42. The semiconductor according to claim 41, wherein:
Device manufacturing method. 50. The first heat treatment at a temperature T ₃ (° C.) in a range of T ₂ -1 ° C. ≦ T ₃ ≦ T ₂ −0.5 ° C. 42. The method for manufacturing a semiconductor device according to 41. 51. The semiconductor according to claim 41, wherein the second heat treatment is performed at a temperature T ₁ (° C.) in a range of T ₂ ≦ T ₁ ≦ T ₂ + 3.5 ° C. Device manufacturing method. 52. The semiconductor device according to claim 41, wherein said second heat treatment is performed at a temperature T ₁ (° C.) in a range of T ₂ ≦ T ₁ ≦ T ₂ + 3 ° C. Production method. 53. The method according to claim 41, wherein the second heat treatment is performed at a temperature T ₁ (° C.) in a range of T ₂ + 0.5 ° C. ≦ T ₁ ≦ T ₂ + 4 ° C. Of manufacturing a semiconductor device. 54. T_Two+ 0.5 ° C ≦ T₁≤T_Two+3.5
Temperature T in the range of ° C ₁(° C) to perform the second heat treatment.

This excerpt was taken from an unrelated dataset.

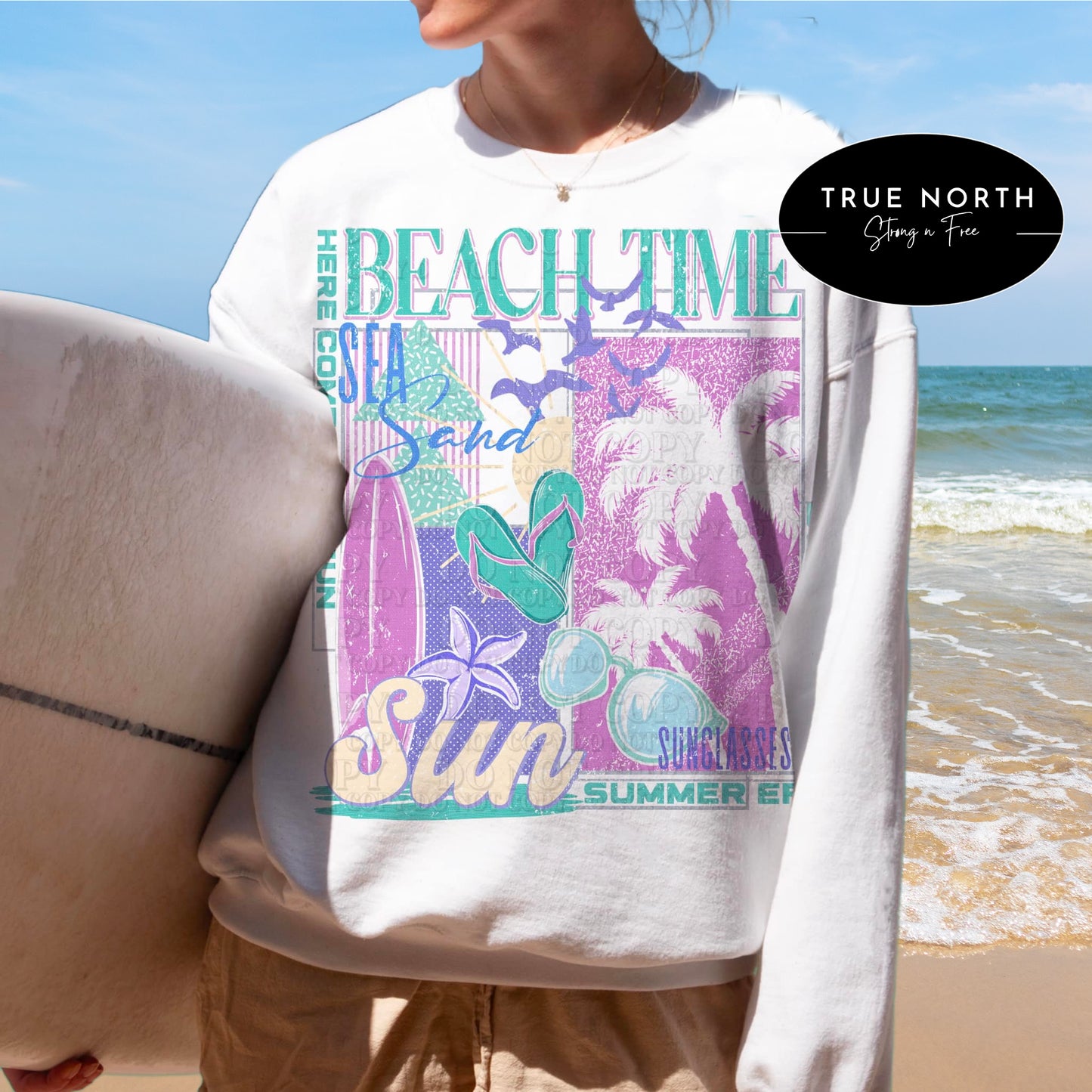 DTF Transfer Beach Time Sleeve offered 80's Style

42. The semiconductor according to claim 41, wherein:
Device manufacturing method. 55. The method according to claim 41, wherein the second heat treatment is performed at a temperature T ₁ (° C.) in a range of T ₂ + 0.5 ° C. ≦ T ₁ ≦ T ₂ + 3 ° C. Of manufacturing a semiconductor device. 56. The semiconductor according to claim 41, wherein the second heat treatment is performed at a temperature T ₁ (° C.) in a range of T ₂ + 1 ° C. ≦ T ₁ ≦ T ₂ + 4 ° C. Device manufacturing method. 57. The method according to claim 41, wherein the second heat treatment is performed at a temperature T ₁ (° C.) within a range of T ₂ + 1 ° C. ≦ T ₁ ≦ T ₂ + 3.5 ° C. Of manufacturing a semiconductor device. 58. The semiconductor device according to claim 41, wherein the heat treatment is performed at a temperature T ₁ (° C.) in a range of T ₂ + 1 ° C. ≦ T ₁ ≦ T ₂ + 3 ° C. Method. 59. The method according to claim 50, wherein the resist pattern has a repetitive pattern. 60. A method for manufacturing a semiconductor device, comprising the step of performing a heat treatment for adjusting a pattern size after forming a resist pattern by lithography, wherein T ₂ −2 ° C. ≦ T ₃ <T ₂ Temperature T ₁ (° C.) within the range of T ₂ ≦ T ₁ ≦ T ₂ + 4 ° C. from the temperature T ₃ (° C.)
Wherein the heat treatment is performed while continuously changing the temperature.